As much as possible, I want to avoid unnecessary code duplication. In my scenario described below, I used Action delegates to avoid code duplication. However, when using the Action delegate approach, the code becomes about 50% -80% slower.
Is there a better performance approach than Action delegates to avoid code duplication in the scenario described below?

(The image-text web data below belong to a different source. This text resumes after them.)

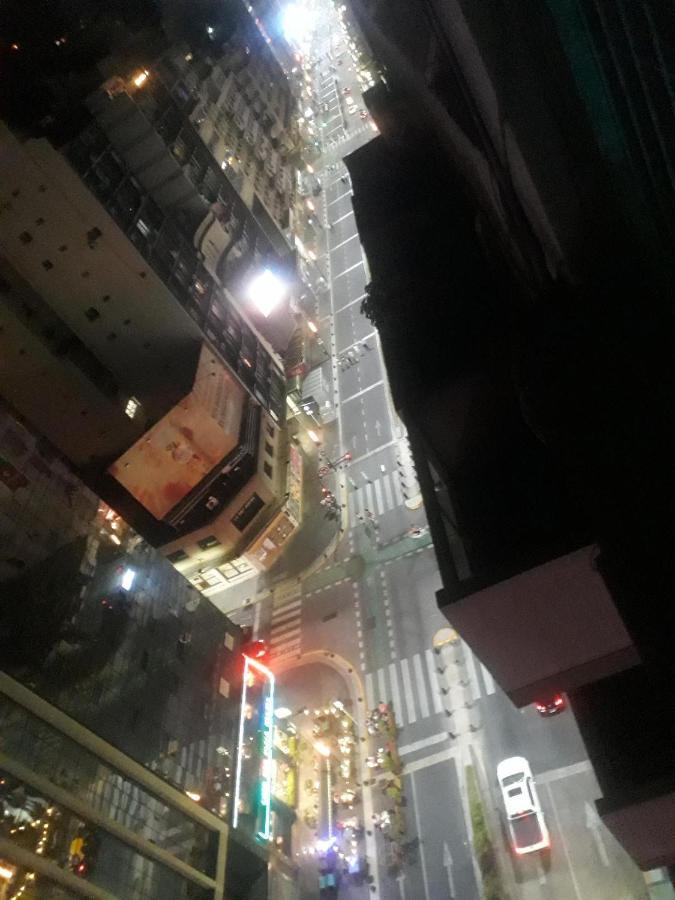 Апартаменты Corrientes Буэнос-Айрес Экстерьер фото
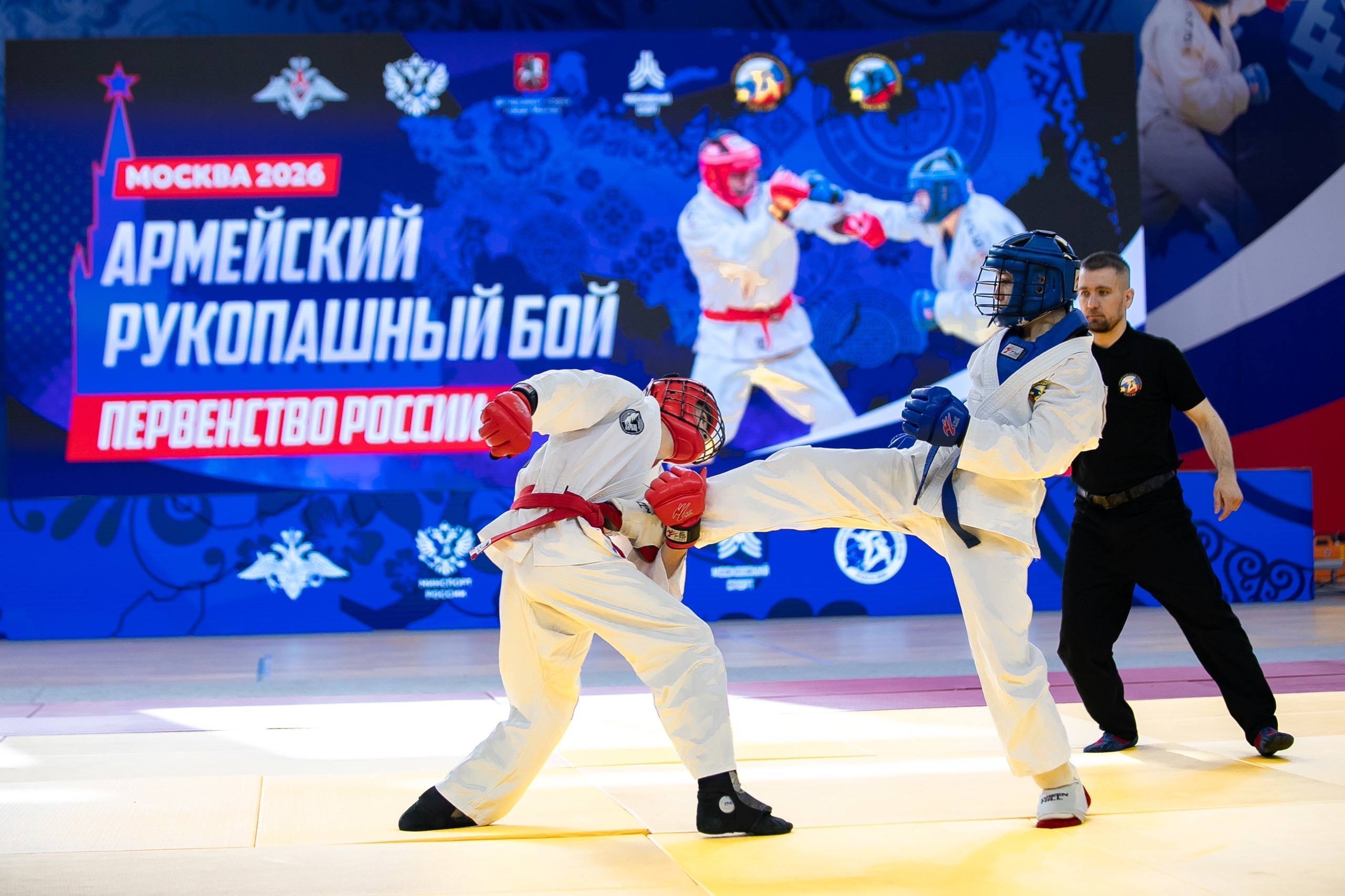 Сборная Иркутской области стала победителем командного зачета среди юношей 14-17 лет первенства России по армейскому рукопашному бою Сборная Иркутской области стала победителем командного зачета среди юношей 14-17 лет первенства России по армейскому рукопашному бою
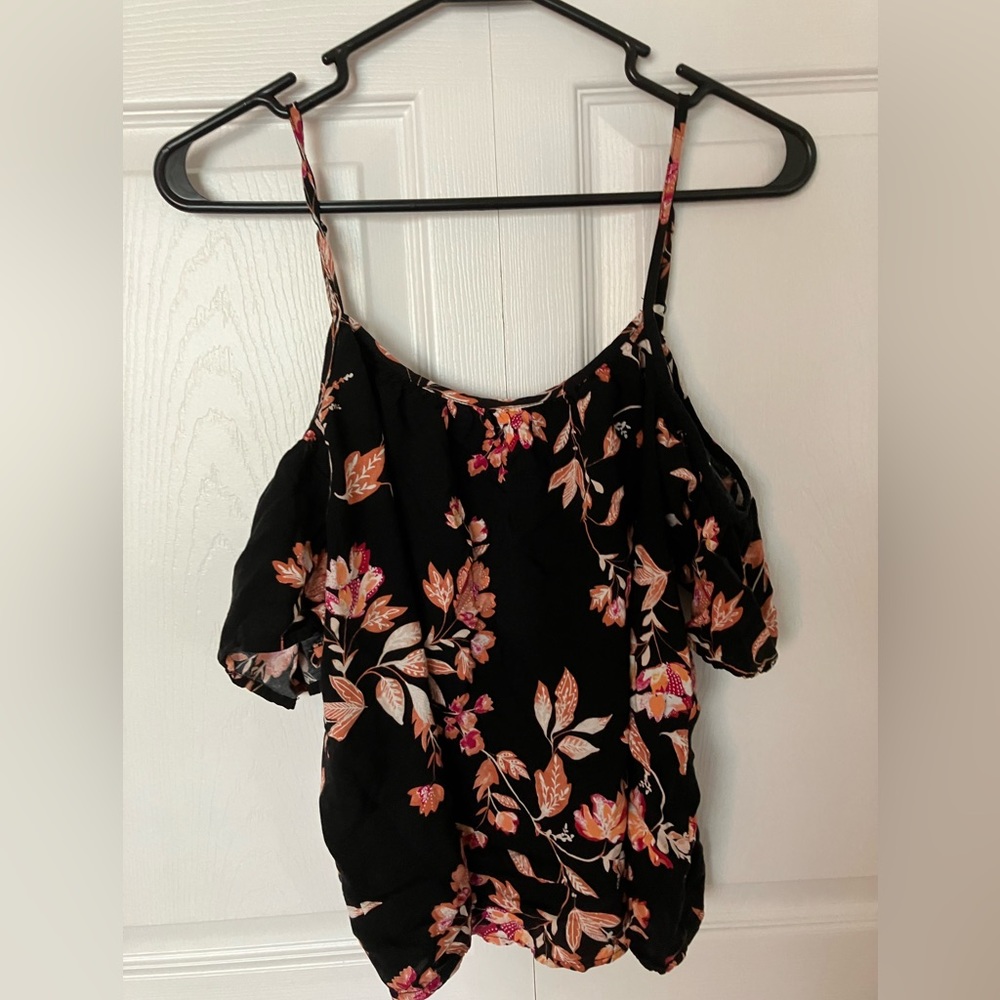 🌟 Floral Off the Shoulder Crop Top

I have two methods that are equivalent, except for the innermost long loop operator:
public T[] MethodA<T>(T[] from) { ... for (var i = 0; i < len; ++i) { var j = GetIndex(i); to[j] = from[i]; // This statement differs in MethodA and MethodB } ... return to; } public T[] MethodB<T>(T[] from) { ... for (var i = 0; i < len; ++i) { var j = GetIndex(i); to[i] = from[j]; // This statement differs in MethodA and MethodB } ... return to; }
To avoid code duplication, I applied a helper method that accepts an Action delegate. A delegate call replaces a variable operator, for example:
private T[] HelperMethod<T>(T[], Action<T[], T[], int, int> action) { ... for (var i = 0; i < len; ++i) { var j = GetIndex(i); action(from, to, i, j);
Then I can reduce MethodA and MethodB as follows:
public T[] MethodA<T>(T[] from) { return HelperMethod(from, (src, dest, src_idx, dest_idx) => dest[dest_idx] = src[src_idx]); } public T[] MethodB<T>(T[] from) { return HelperMethod(from, (src, dest, dest_idx, src_idx) => dest[dest_idx] = src[src_idx]); }
Note that the only difference between the reorganized MethodA and MethodB is the order of src_idx and dest_idx in the dest_idx Action call HelperMethod .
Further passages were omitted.